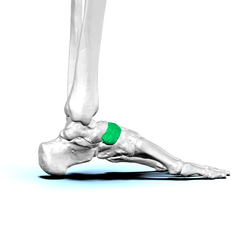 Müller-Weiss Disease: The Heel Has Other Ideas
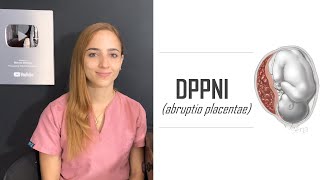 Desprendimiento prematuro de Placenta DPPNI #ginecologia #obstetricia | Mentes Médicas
---
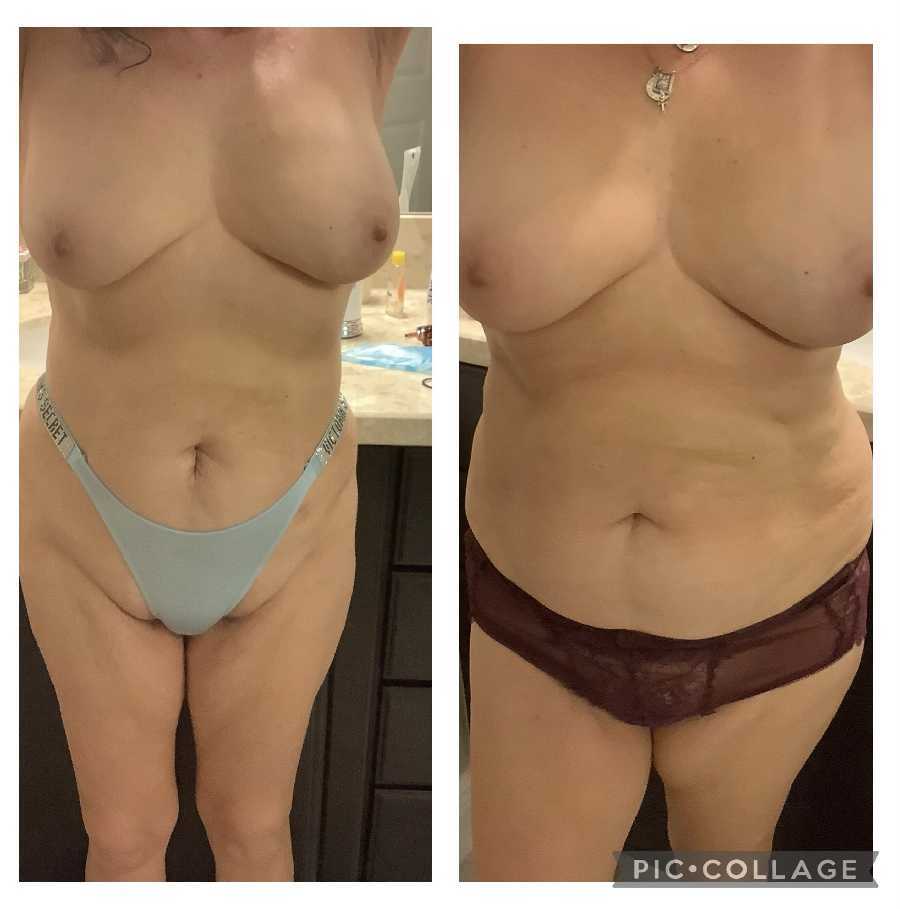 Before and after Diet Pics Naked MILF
--
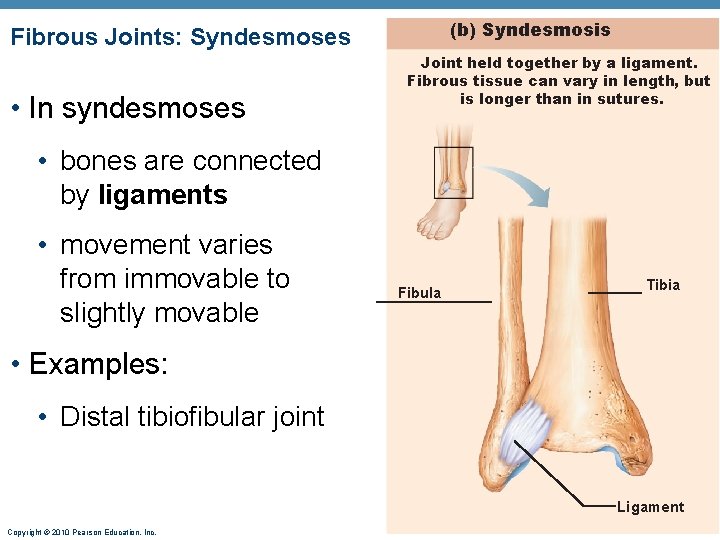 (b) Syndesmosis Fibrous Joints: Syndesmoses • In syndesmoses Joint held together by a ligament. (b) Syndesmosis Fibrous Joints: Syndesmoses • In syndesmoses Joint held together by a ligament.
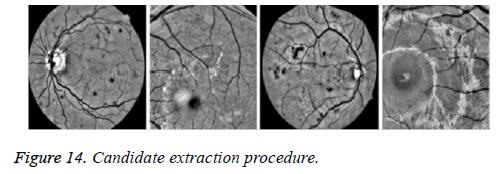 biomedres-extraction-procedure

> **Aim of the exercise**
With the pictures omitted, copy exactly the lines of the listing above starting at the line containing "Müller-Weiss Disease: The" and ending at the line containing "Desprendimiento prematuro de", both included.

> **Answer space**
 Müller-Weiss Disease: The Heel Has Other Ideas
 Desprendimiento prematuro de Placenta DPPNI #ginecologia #obstetricia | Mentes Médicas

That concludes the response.